音大生こそギャラをきちんともらうべき


昨日このブログに書きましたが、東京オリンピックのマスコットを描いたイラストレーターさんには100万円の賞金のみだそうです。


そんなのありえない。


この発想が文化の発展を妨げている要因のひとつだと僕は思うのです。




よく耳にする「文化の発展」という言葉。それらのほとんどが、利用者の目線から言われているように感じます。

確かに、演奏やパフォーマンスをする人間の方が圧倒的に絶対数が少ないからしかたないのかもしれませんが、それにしても発信側がきちんとお金をもらえるシステムはほとんど考えられていないように感じるのです。


発信する側は自治体が作ったインフラ利用料を支払い、聴衆はチケットを購入するこの状態が文化の発展と思ってはいないでしょうか?

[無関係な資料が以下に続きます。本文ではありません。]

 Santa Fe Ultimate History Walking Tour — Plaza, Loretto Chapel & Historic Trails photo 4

「ハコは用意してやったから、みんなどんどん使えよ!by 自治体」


といった具合。



例えば、豊島区は来年池袋西口にある東京芸術劇場の西口公園に野外劇場を作り、池袋駅からほど近い区庁舎後にも劇場ができるとのこと。

それはとても素晴らしいのですが、例えば西口公園の工事費は26.8億円かかるそうです。

じゃあ、インフラにそれだけかけて、その舞台で演じる人たちへ年間いくら支払われるのでしょうか。きっと、そんな企画は年間数件、多くて数十件でしょう。

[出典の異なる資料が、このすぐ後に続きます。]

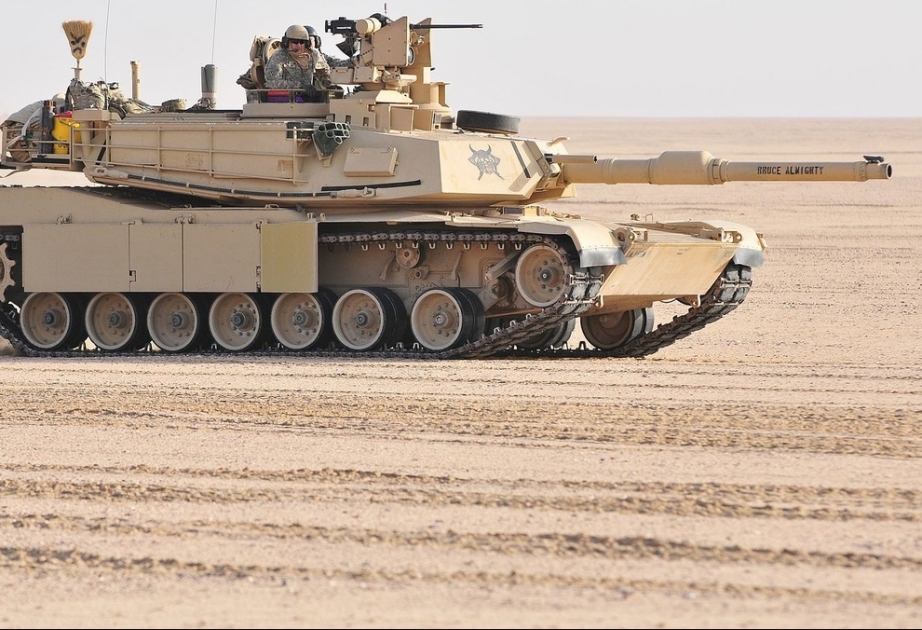 ABŞ Prezidenti Ukraynaya “Abrams” tanklarının veriləcəyini təsdiqləyib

豊島区ではなく、全然別の自治体のイベントに参加したときは、全部込みで10万円でした。個人に支払われるギャラではなく、全部込みです。出演者数問わず、練習場の支払いも、楽譜の購入も、交通費も食費も全部。

その条件でひとつの公演を終えて、純粋な収入として手元に残った額など、ほぼ無いに等しいわけです。


これでは次に続かない。



そんな感じで行われることの多い文化事業ですから、結局メインユーザーとして見据えているのは、利用料を支払ってくれるアマチュアの方々なのでしょう。

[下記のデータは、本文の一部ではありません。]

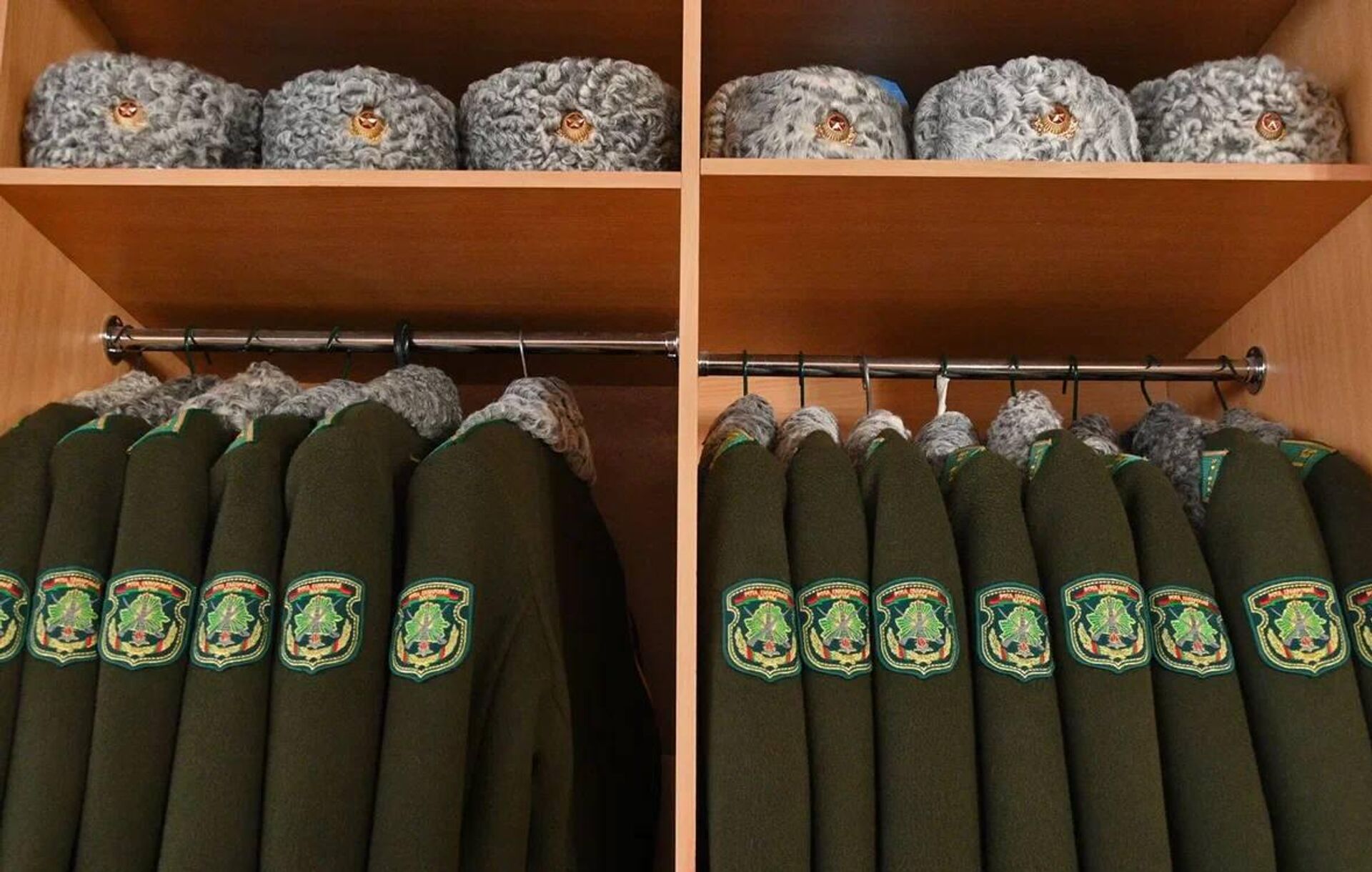 Рота почетного караула - Sputnik Беларусь, 1920, 20.02.2026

もちろんアマチュアの奏者、団体が活発に公演を開くことは素晴らしいことですし、それによって文化的にも活性化します。


しかし、それはそれ。



やはりプロとして活動している人が、今以上にたくさんの経験を積める機会...これはインフラがあるだけではダメで、しっかりした金額を自治体が支払う公演をもっともっと用意することが大切だと思うのです。



[原因は音楽家にある?]

音楽家は本当に稼げません。何をするにも単価が安すぎると思います。


しかし、それを助長している原因は音楽家側でもあるのです。


例えば音大生や卒業したばかりの若手の音楽家。みんな本番をしたいのです。演奏する機会を喉から手が出るほど欲しいのです。


しかし、音大卒の自称音楽家は飽和状態。人数の多さが異常です。

だから需要と供給のバランスが悪すぎて、多くの音楽家が満足できるような本番の数など存在しません。


そこで、こんな話が。


「お金ないんだけどさ、ちょっと演奏してくれないかな?」

「音大生なんだからさ、勉強の場だと思って」

「お金は出せないけど、いい宣伝になると思うよ」


これ。


でも自称音楽家は喉から手が出ているので、こんな最悪条件でも請けてしまうのです。



先日知人(プロ)が、アマチュアオーケストラの賛助で出演する話を聞き、そのギャランティに驚愕しました。


2回練習参加、1回本番で諸経費込みで5,000円。


ごごごごご5,000円?!


家から現場までの距離が遠いので、練習場所の往復でギャラは全額飛ぶとのこと。



...ごめん、その話を請けた理由がさっぱりわからない。



赤字になってまで演奏する機会が欲しいのなら、もうプロじゃないから(と思ったけど言わなかったけど)。



これは演奏だけじゃありません。もっと酷いのはレッスンや指導の現場。それも部活動など学校関係。


音大生や卒業したばかりの人を母校の先生が呼ぶ、なんてザラで、無料か交通費程度。

ほとんどの学校はカツカツの状態で部活動をしているのを知っているので、あまり強くは言えないのですが...。でも、だからと言って部活の事情と演奏者の生活を一緒にしてしまうのは間違っていて、演奏者の生活を優先しなければ、長く音楽活動を続けていけない。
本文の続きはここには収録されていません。